**Given information:**
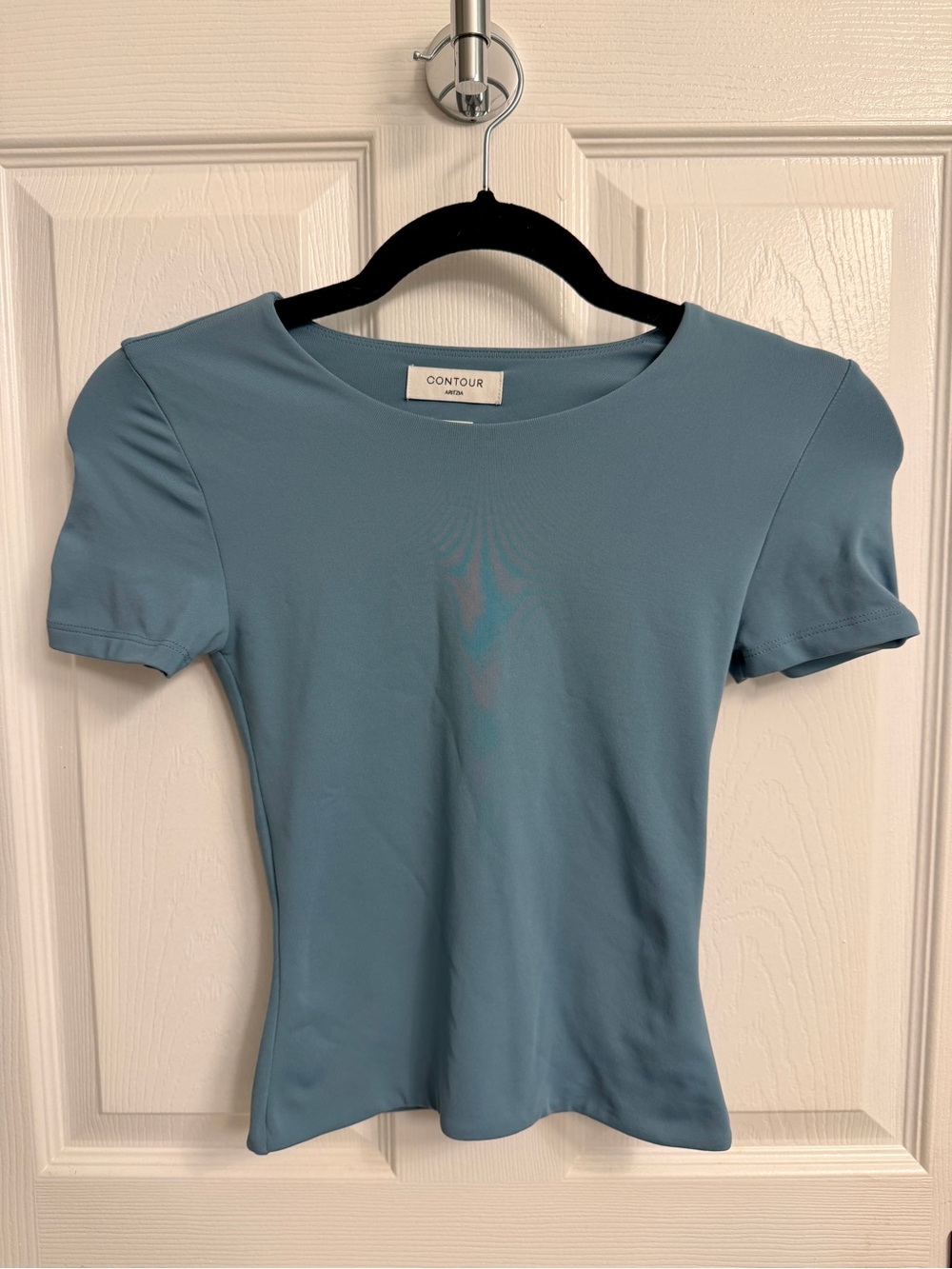 Aritzia Short Sleeve Crewneck Top in Dusty Blue - XS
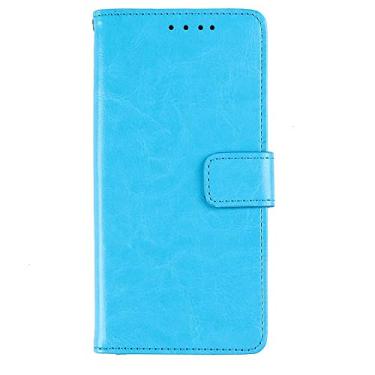 Imagem de NEKOYA Capa de telefone para Meizu PR0 6, capa carteira flip de couro liso com compartimento para cartão, suporte e fecho magnético, capa de couro Meizu PR0 6 azul claro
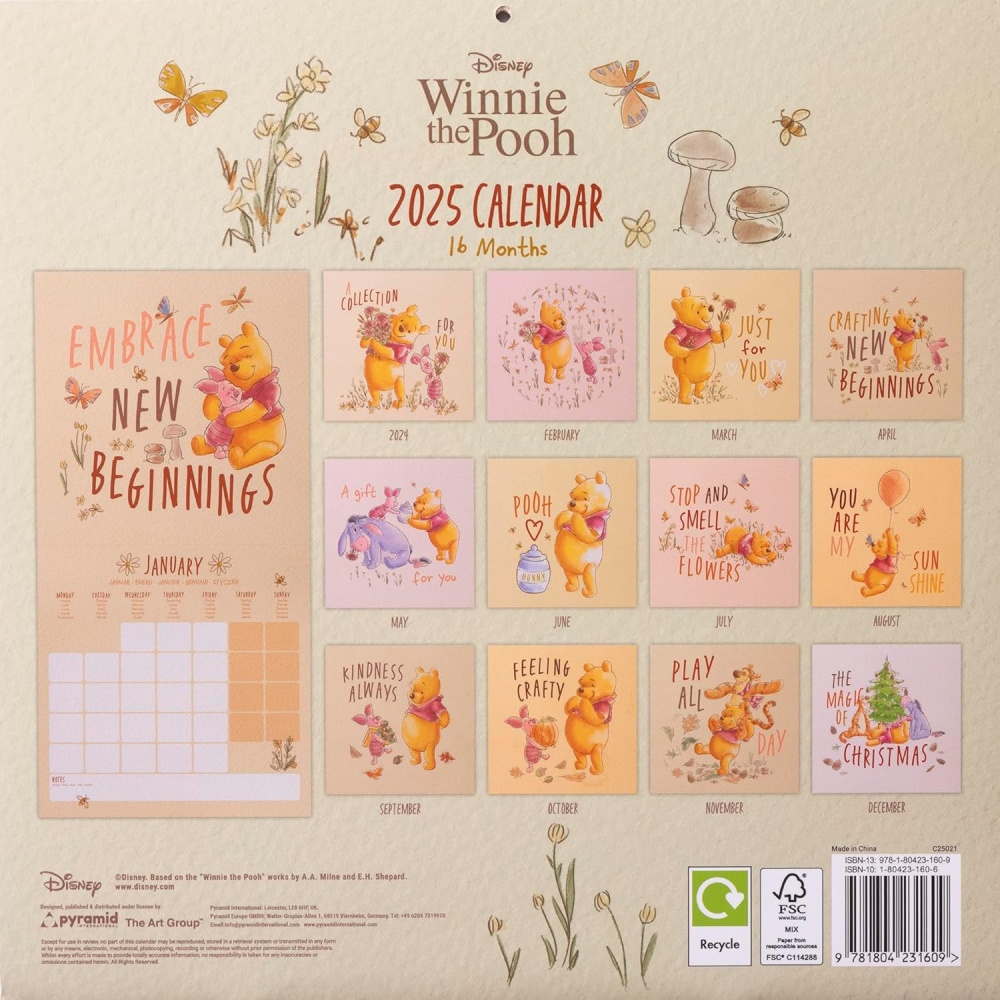 Disney Winnie The Pooh Official 2025 Calendar threelittlebears.co.uk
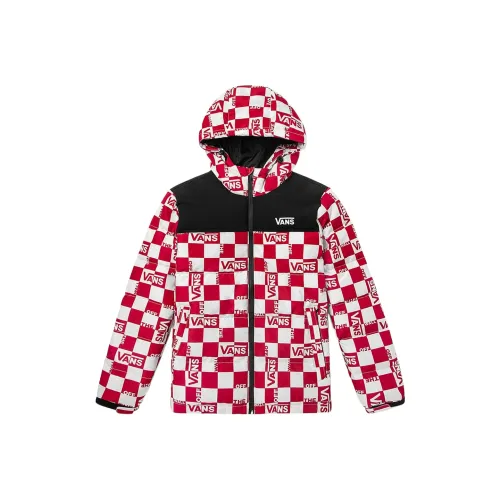 VANS Красный Белый Клетка Мужской Пуховик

**What you have to do:**
Set the material above down again word for word. Include none of its pictures.

**Exercise solution:**
 Aritzia Short Sleeve Crewneck Top in Dusty Blue - XS
 Imagem de NEKOYA Capa de telefone para Meizu PR0 6, capa carteira flip de couro liso com compartimento para cartão, suporte e fecho magnético, capa de couro Meizu PR0 6 azul claro
 Disney Winnie The Pooh Official 2025 Calendar threelittlebears.co.uk
 VANS Красный Белый Клетка Мужской Пуховик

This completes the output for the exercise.